Nvidia supplies approximately 80% of the global market in chips used in AI applications. The company’s H-100 chips – the H is for Hopper – are now so valuable they have to be transported by armored car, the Wall Street Journal reported on Friday, and demand is so great that some customers are waiting as long as six months to receive it.

The importance of Hopper to Nvidia, and to AI computing more generally, was underscored last summer when Jensen Huang, founder and CEO of Nvidia, named its next generation of accelerated computing and generative AI chips the GH200 Grace Hopper Superchip.

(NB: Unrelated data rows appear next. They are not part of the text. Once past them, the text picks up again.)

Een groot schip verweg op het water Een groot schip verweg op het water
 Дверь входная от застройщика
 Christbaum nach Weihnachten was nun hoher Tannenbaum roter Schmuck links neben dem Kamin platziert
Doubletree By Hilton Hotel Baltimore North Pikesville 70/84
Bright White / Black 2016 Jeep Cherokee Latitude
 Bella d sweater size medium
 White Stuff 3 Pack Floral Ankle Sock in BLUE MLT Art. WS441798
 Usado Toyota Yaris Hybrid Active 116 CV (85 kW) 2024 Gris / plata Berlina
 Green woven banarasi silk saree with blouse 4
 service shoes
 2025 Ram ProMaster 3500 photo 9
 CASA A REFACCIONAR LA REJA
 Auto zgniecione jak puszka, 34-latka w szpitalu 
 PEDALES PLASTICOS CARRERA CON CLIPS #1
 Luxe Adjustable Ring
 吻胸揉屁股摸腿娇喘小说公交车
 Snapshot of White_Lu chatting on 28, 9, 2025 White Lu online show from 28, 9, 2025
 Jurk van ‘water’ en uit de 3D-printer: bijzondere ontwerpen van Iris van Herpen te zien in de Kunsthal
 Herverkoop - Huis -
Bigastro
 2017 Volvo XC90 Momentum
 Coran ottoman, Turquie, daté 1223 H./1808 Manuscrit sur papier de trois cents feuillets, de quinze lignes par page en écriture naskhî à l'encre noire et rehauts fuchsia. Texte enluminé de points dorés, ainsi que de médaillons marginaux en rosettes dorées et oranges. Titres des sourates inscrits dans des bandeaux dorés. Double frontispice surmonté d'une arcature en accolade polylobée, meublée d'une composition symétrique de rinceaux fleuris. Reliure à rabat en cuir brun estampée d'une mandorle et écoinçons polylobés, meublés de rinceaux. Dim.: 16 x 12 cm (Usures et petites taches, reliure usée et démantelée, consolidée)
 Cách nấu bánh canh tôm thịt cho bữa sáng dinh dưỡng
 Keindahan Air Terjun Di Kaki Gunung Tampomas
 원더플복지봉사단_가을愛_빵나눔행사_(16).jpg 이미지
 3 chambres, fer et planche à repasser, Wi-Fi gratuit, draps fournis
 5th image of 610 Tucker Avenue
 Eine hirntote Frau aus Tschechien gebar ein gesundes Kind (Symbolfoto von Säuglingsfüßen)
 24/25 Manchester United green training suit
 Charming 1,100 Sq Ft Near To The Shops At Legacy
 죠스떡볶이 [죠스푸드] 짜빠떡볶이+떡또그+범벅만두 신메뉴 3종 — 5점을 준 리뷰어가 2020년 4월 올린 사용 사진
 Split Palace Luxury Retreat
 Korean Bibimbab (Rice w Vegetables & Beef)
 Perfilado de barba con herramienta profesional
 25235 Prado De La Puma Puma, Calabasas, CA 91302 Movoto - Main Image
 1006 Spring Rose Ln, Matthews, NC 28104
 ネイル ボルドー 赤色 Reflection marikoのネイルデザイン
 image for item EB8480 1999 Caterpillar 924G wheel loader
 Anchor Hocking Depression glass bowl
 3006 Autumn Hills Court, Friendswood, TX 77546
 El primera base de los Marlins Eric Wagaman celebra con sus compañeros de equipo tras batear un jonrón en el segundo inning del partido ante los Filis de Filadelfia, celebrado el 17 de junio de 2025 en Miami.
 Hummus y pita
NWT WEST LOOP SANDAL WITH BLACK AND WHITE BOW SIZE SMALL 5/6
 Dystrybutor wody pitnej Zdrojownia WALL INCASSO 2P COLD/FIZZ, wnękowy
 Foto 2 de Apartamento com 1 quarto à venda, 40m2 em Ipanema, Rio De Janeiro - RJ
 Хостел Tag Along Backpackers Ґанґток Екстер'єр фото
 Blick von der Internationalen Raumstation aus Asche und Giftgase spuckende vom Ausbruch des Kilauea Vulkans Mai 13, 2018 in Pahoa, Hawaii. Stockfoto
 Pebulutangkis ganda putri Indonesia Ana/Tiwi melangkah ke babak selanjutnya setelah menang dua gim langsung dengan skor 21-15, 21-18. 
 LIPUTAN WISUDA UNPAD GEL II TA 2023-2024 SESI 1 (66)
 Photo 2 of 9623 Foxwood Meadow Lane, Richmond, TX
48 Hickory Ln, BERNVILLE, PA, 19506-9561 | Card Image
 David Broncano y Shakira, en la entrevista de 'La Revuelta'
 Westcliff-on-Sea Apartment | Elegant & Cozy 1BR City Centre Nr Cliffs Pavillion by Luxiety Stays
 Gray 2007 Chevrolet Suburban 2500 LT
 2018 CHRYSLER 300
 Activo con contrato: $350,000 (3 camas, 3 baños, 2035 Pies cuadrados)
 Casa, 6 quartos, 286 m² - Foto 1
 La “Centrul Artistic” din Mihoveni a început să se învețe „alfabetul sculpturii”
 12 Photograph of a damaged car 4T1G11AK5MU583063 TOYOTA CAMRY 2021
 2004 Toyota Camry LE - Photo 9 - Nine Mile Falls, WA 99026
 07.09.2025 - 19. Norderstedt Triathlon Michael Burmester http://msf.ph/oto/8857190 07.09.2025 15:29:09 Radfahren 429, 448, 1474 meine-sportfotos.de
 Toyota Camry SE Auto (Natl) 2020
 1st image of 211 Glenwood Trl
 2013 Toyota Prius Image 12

R Adm Grace Hopper in 1985. Photograph: AP

Hopper was born in 1906 in New York City, graduated from Vassar College with degrees in mathematics and physics in 1928, and joined the navy after the US joined the second world war following the bombing of Pearl Harbor.

According to a Yale University biography, she was initially rejected by the navy because of her age and diminutive size, but once commissioned she was assigned to the Bureau of Ships computation project at Harvard, where she worked on the Mark I, the first US electromechanical computer, computing rocket trajectories, anti-aircraft gun range tables and calibrating minesweepers.

After the war, Hopper joined the Eckert-Mauchly Computer Corporation, later Sperry Rand, where she pioneered the idea of automatic programming. In 1952, she developed the first compiler, a program that translates written instructions into computer codes.

“What I was after in beginning English language [programming] was to bring another whole group of people able to use the computer easily … I kept calling for more user-friendly languages. Most of the stuff we get from academicians, computer science people, is in no way adapted to people,” Hopper explained in a 1980 interview.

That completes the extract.